Concordo in pieno con tale suggerimento, dal momento che una corretta valutazione delle “nuove” forme di lavoro digitale non può non partire dal riconoscimento di come, in forme sempre mutevoli, il capitalismo del XXI° secolo, nella sua incessante e più acuta che mai, brama di plus-valore, stia recuperando modalità di funzionamento tipiche del proto-capitalismo. In contemporanea, non solo il comando del capitale sul lavoro tende sempre più a centralizzarsi, ma anche a spersonalizzarsi e nascondersi dietro l’ingannevole “neutralità” di un apparato tecnico-informatico-digitale5. Questo nesso tra estrema precarizzazione del lavoro e nuove forme di controllo manageriale, mediate da strumenti tecnologici apparentemente sempre più sofisticati, sarà il principale aspetto da chiarire per offrire al nuovo movimento operaio in gestazione delle analisi adeguate alla fase post-pandemica che (forse) si sta aprendo.
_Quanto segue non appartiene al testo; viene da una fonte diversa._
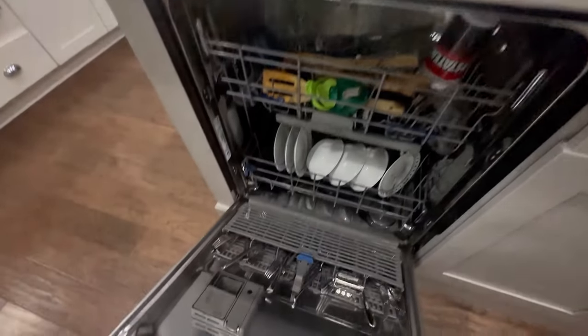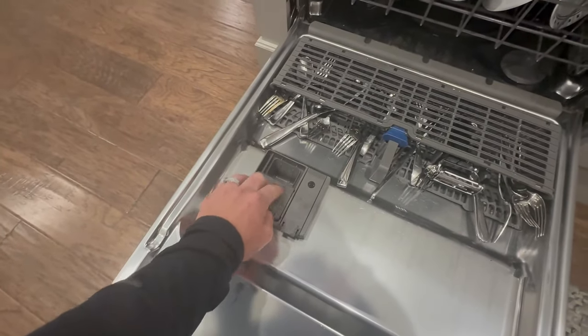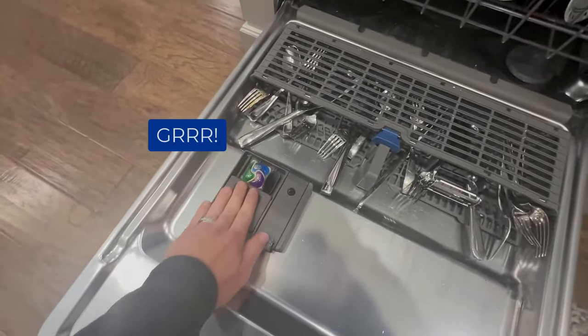Are you one of those people that uses dish pods in your dishwasher? If you are, listen up. There's been a lot of videos saying, hey, don't put it in the dishwasher compartment you use for detergent — just throw it in.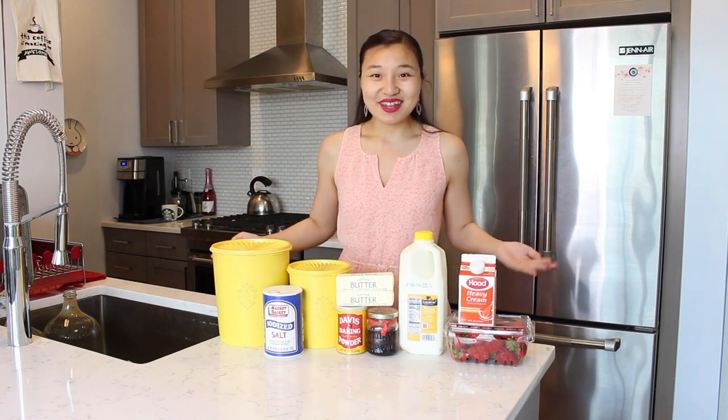Hi everyone, my name is Leah and welcome to the kitchen. It is my birthday this week, so in honor of celebrating my birthday, I thought I'd make a fun dessert. Today we'll be making strawberry shortcake. Let's get started!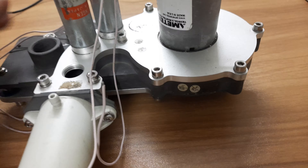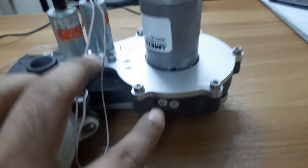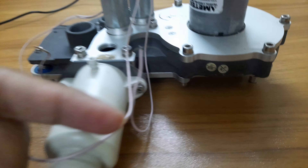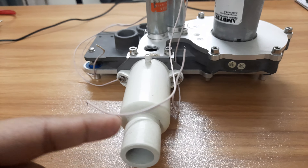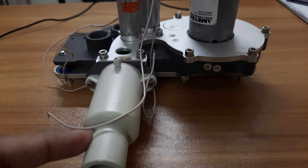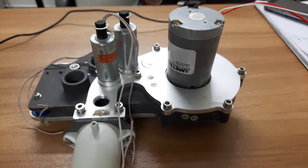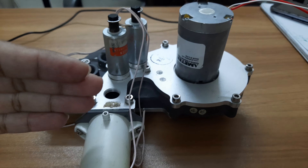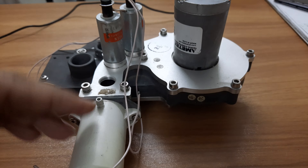Beneath this motor there is actually a turbine — a propeller — which compresses the air. This is the outlet; this outlet actually connects to the inhalation port of the ventilator. The ventilator varies the motor speed so that you can increase the pressure generated from the turbine.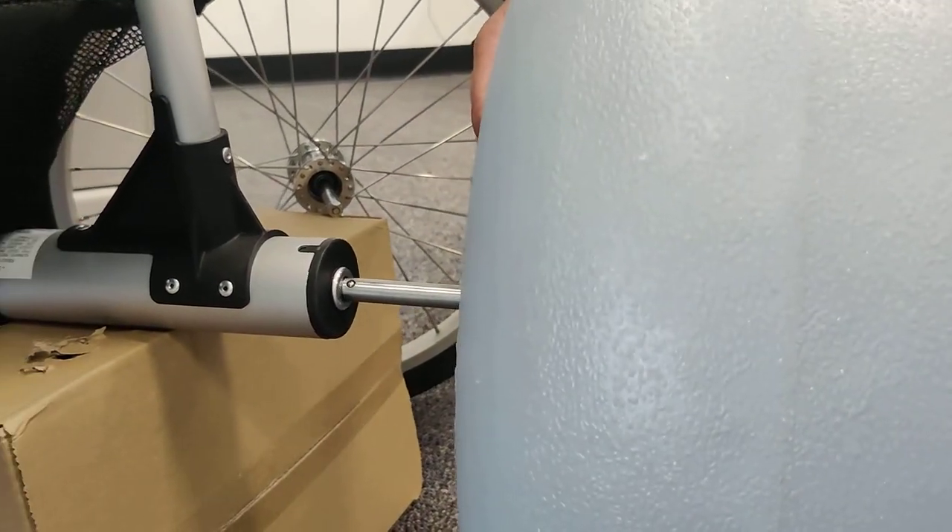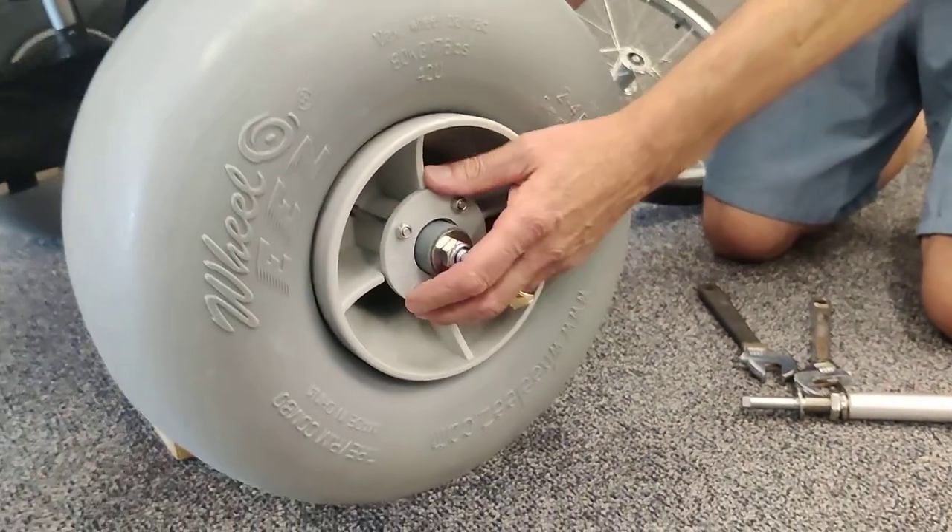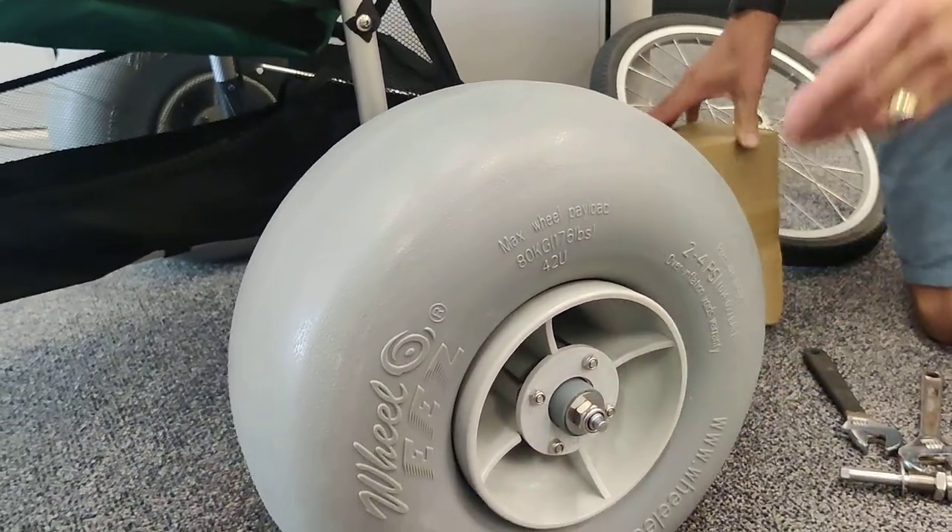Just push this on like that, slide it in and listen for the click. And that's really all there is to it. You're ready to roll.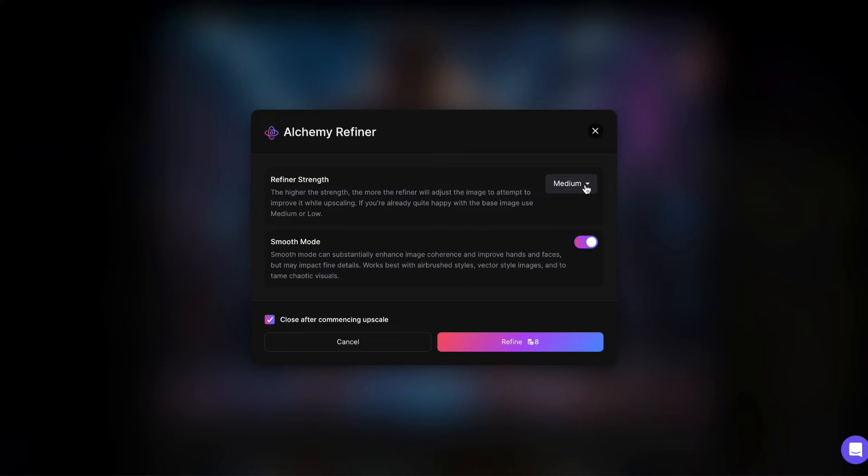This affects how much Leonardo will improve your image. Higher settings yield better results but may significantly alter your image, so choose according to your preference.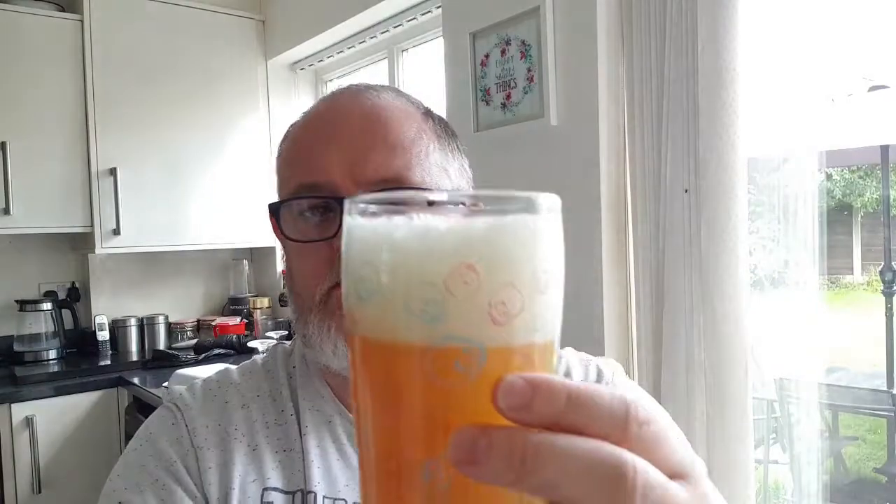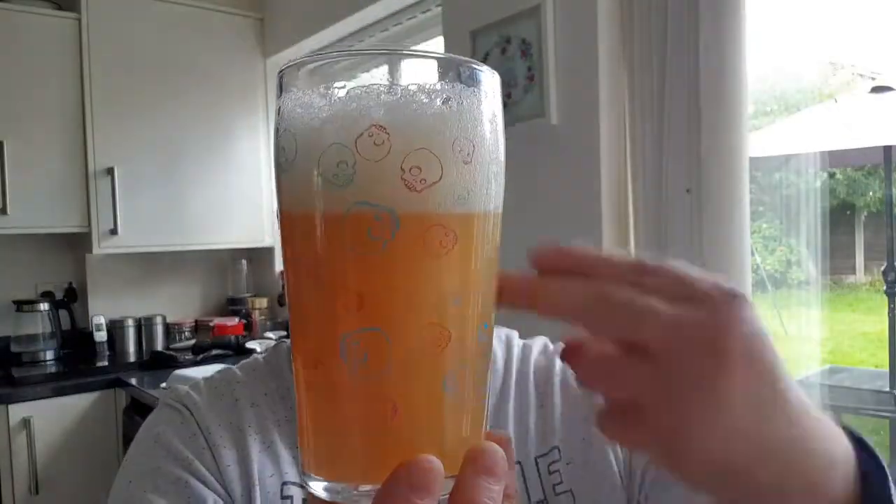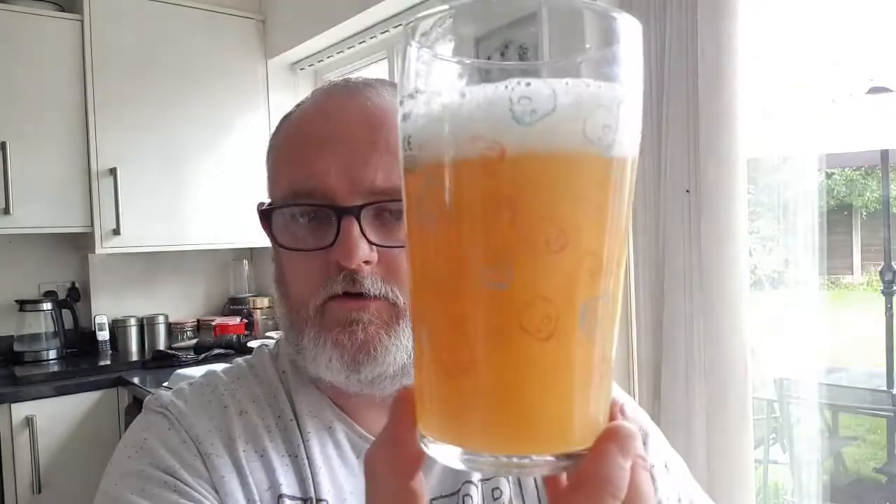Beer in a glass — what have we got? Very hazy, bright orange beer, two fingers of white, slightly off-white, rugged soapy head. No floaters in it. It actually looks really nice, looks very juicy. Let's get a nose on it, let's see what we can smell.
Sarà anche sempre più importante capire come la subordinazione gerarchica del lavoro si modificherà negli anni a venire in relazione tanto ai nuovi modelli di organizzazione del lavoro, di cui lo smart working e l’uberizzazione saranno le punte di lancia più affilate, quanto di strutturazione interna delle imprese capitalistiche, che procedono spedite verso un processo di ulteriore “asciugamento” degli organici e di incremento dei ritmi attraverso un’applicazione, sempre più precisa, dei principi della lean production (la famosa produzione snella di origini toyotiste). In questo senso, il saggio in discussione è un utile contributo per cercare di capire in che modo l’implementazione delle tecnologie digitali andrà a modificare la composizione tecnica della classe lavoratrice6. Fermo restando che a fare luce meridiana sulla natura di questa vecchia-nuova forma di sfruttamento del lavoro salariato sarà l’esplosione delle lotte, come sta già cominciando ad avvenire, per il processo di uberizzazione del lavoro, con le proteste in varie parti del mondo. La volontà del capitale (dei capitalisti di tutte le nazionalità) di utilizzare la “quarta rivoluzione industriale” per rilanciare su scala mondiale un’accumulazione sempre più ansimante ai danni della classe lavoratrice è palese; questa volontà non potrà sfuggire alla resistenza e alla reazione avversa delle lavoratrici e dei lavoratori combattivi. Rendendo “ancor più oppressiva l’oppressione reale con l’aggiungervi la consapevolezza dell’oppressione”, la critica serve ad aprire la strada alla lotta, all’organizzazione della lotta anche contro il nuovo lavoro a domicilio.